Add options to log to stackdriver from non appengine/k8s bots
On some of our android fuzzing hosts, we don't have the fluentd server that takes care of propagating the python logs to stackdriver. I suggest this change that adds the option to log there directly. It was a bit of a mess to add the additional fields given that we are stuck with a relatively old version of the google cloud logging api. I also am in a situation were we have three GCP projects involved (one for the service account, one for the queues and one for the logging). Also I added a bunch of variables to make it customizable (To chose which to activate in the console/file/fluentd/gcp logs). Alternatively, we might be better of using an input dictconfig or fileconfig (https://docs.python.org/3/library/logging.config.html).
/gcbrun
@oliverchang I just realized that you had #3422. I am not sure how relevant this is once you land it, but meanwhile, we have limited logs on our chrome android hosts. Given the specificities of those hosts (logs logged in a different project than the service account and the cloud_project_id), we would still need some of the configurability we have here.

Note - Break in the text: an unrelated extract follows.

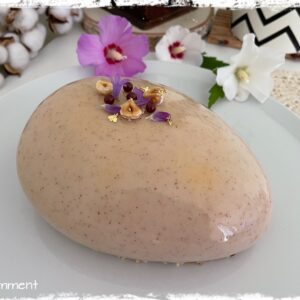 Entremets Évidemment beige décoré de fleurs et de noisettes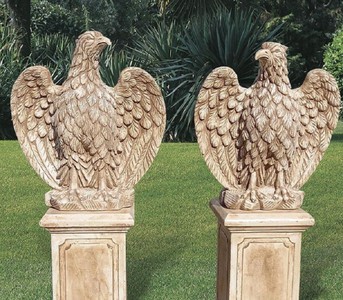 Casa Padrino set di scultura decorative da giardino barocco aquila beige A. 76 cm - Fatto in Italia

@oliverchang gentle ping on this one :)
Hmm, I opened https://github.com/google/clusterfuzz/pull/3422 for exactly this :) But we are blocked on a Python upgrade for that.
I couldn't get structured logging to work with the older client libraries. Does your PR make that work?
Not really, I worked around this issue, by adding labels, see example below. That's ugly TBH, but as mentioned we're missing out on python logs on several of our bots (the ones hosted by android's fuzzing infra) I also kept the existing (fluentd) behavior, as I wasn't sure we wanted to remove that or not. Long term (i.e. when python is updated) I believe we should have only the content of your PR.
log:
{ "insertId": "5tvjopf2hctof", "jsonPayload": { "python_logger": "android_heartbeat", "message": "Android device 2C011FDH3007VB state: device" }, "resource": { "type": "global", "labels": { "project_id": "google.com:clusterfuzz" } }, "timestamp": "2024-01-15T13:57:36.444799Z", "severity": "INFO", "labels": { "compute.googleapis.com/resource_name": "pmeuleman1.roam.corp.google.com", "fuzz_target": "null", "location": "{\"path\": \"/mnt/scratch0/cf/clusterfuzz/src/python/bot/startup/android_heartbeat.py\", \"line\": 53, \"method\": \"main\"}", "task_payload": "null", "bot_name": "android-haiku-chrome-test", "worker_bot_name": "null", "extra": "{}" }, "logName": "projects/google.com:clusterfuzz/logs/python", "receiveTimestamp": "2024-01-15T13:57:36.465772799Z" }
LGTM, but are you able to check this doesn't break existing fluentd logging?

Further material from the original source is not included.